§ **Task statement**
Set down exactly, from the records below, the line with "Kruje, Shitet Truall" through the line with "1990 Oldfields Circle", and nothing else.

(Items from a dataset)
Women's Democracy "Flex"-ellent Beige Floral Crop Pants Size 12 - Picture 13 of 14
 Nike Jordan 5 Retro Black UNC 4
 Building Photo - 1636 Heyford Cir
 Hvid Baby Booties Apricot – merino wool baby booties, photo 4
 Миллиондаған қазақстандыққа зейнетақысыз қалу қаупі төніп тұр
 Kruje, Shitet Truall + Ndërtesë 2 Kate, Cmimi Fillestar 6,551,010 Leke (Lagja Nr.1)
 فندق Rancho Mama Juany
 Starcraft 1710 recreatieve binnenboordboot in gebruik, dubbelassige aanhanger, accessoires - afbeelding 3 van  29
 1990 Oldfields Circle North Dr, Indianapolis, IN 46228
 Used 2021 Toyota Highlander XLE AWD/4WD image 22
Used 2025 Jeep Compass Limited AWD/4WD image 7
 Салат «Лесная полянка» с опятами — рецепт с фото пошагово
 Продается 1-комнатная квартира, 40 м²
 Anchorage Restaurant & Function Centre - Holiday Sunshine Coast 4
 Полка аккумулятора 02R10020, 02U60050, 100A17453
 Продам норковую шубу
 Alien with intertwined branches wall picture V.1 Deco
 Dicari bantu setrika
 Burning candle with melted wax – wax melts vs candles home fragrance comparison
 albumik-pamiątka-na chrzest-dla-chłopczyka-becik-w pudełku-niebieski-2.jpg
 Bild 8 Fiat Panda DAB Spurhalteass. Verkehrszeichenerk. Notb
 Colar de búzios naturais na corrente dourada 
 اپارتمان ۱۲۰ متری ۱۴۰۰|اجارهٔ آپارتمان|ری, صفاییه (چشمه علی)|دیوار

§ **The completed task**
 Kruje, Shitet Truall + Ndërtesë 2 Kate, Cmimi Fillestar 6,551,010 Leke (Lagja Nr.1)
 فندق Rancho Mama Juany
 Starcraft 1710 recreatieve binnenboordboot in gebruik, dubbelassige aanhanger, accessoires - afbeelding 3 van  29
 1990 Oldfields Circle North Dr, Indianapolis, IN 46228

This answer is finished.